Aid to Russia

Jim heartfield Jim at heartfield.demon.co.uk
Sun Sep 6 12:26:44 PDT 1998


In message <v04003a08b215d7918202@[128.32.105.161]>, Brad De Long <delong at econ.Berkeley.EDU> writes
>We don't get much surplus out of trade with the former East Germany (at
>least not yet).
>We don't get much surplus out of trade with Nigeria (even with their oil).
>We don't get much surplus out of trade with Pakistan.
>We don't get much surplus out of trade with Vietnam.
>
>We get a lot of surplus out of trade with South Korea.
>We get a lot of surplus out of trade with France.
>We get a lot of surplus out of trade with West Germany.
>
>It is in the U.S. national interest and economic interest to have rich,
>industrialized, productive trading partners--not poor, unproductive ones.
>
>
>Brad DeLong

Well, yes and no. It is in the US national interest to have markets for its goods, but it is not in the US national interest to have international competitors take its markets. The goal of exchange is not goods, nor even values, but surplus value, Marx once said.

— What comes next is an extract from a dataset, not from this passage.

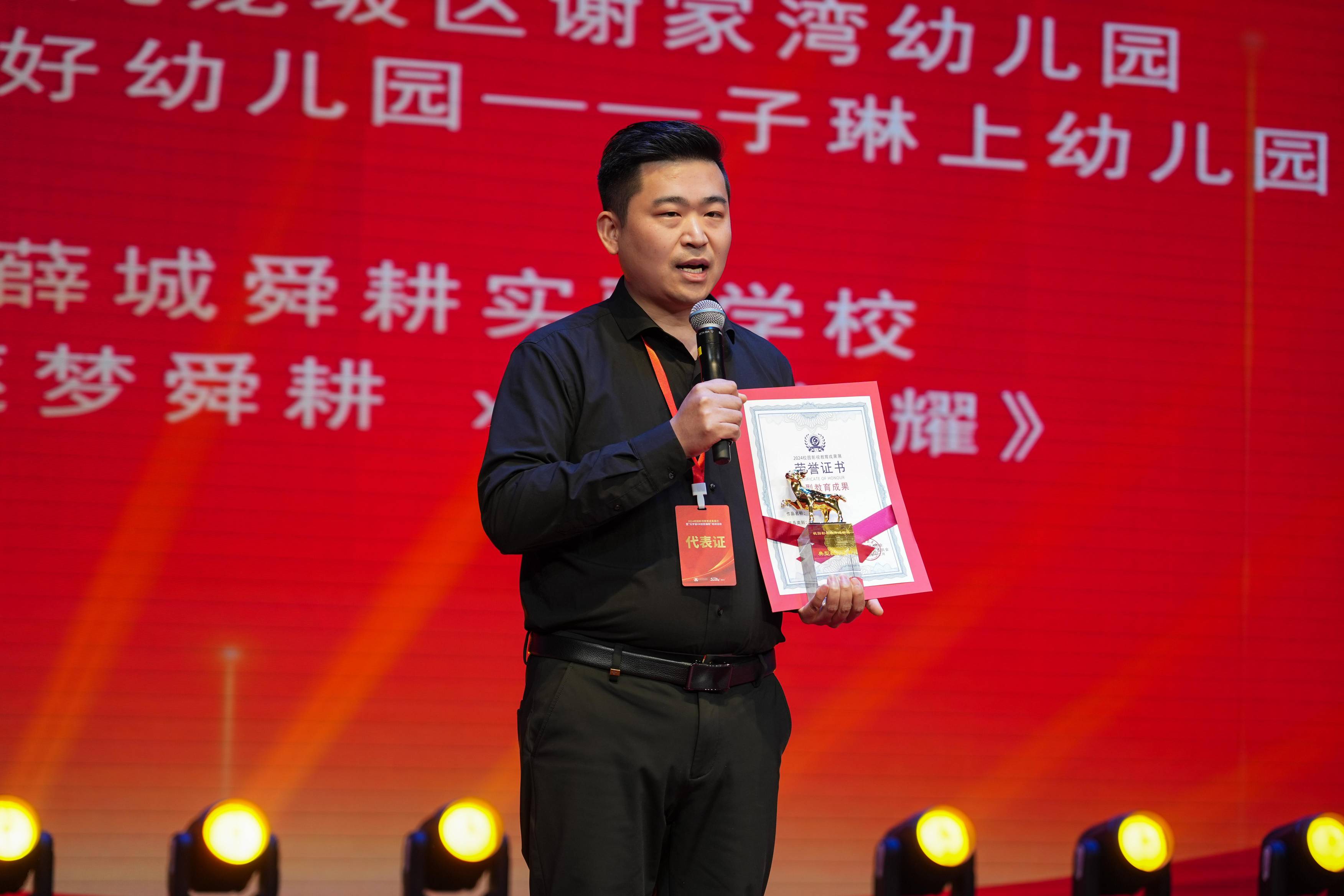 2024校园影视教育成果展示暨“元宇宙VR创意编程”培训活动在音王成功举办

Greider illustrates the point:

'In 1979, Ford's average labour input for all of its North American cars and trucks was just under 40 hours per vehicle. By 1993, it was down to 25.4 hours. Chrysler reduced its average from 45 hours to 29.5 hours. GM improved from 41 to 32.5 hours. The Japanese average still was lower, about 20 hours per vehicle..' One World..p 110.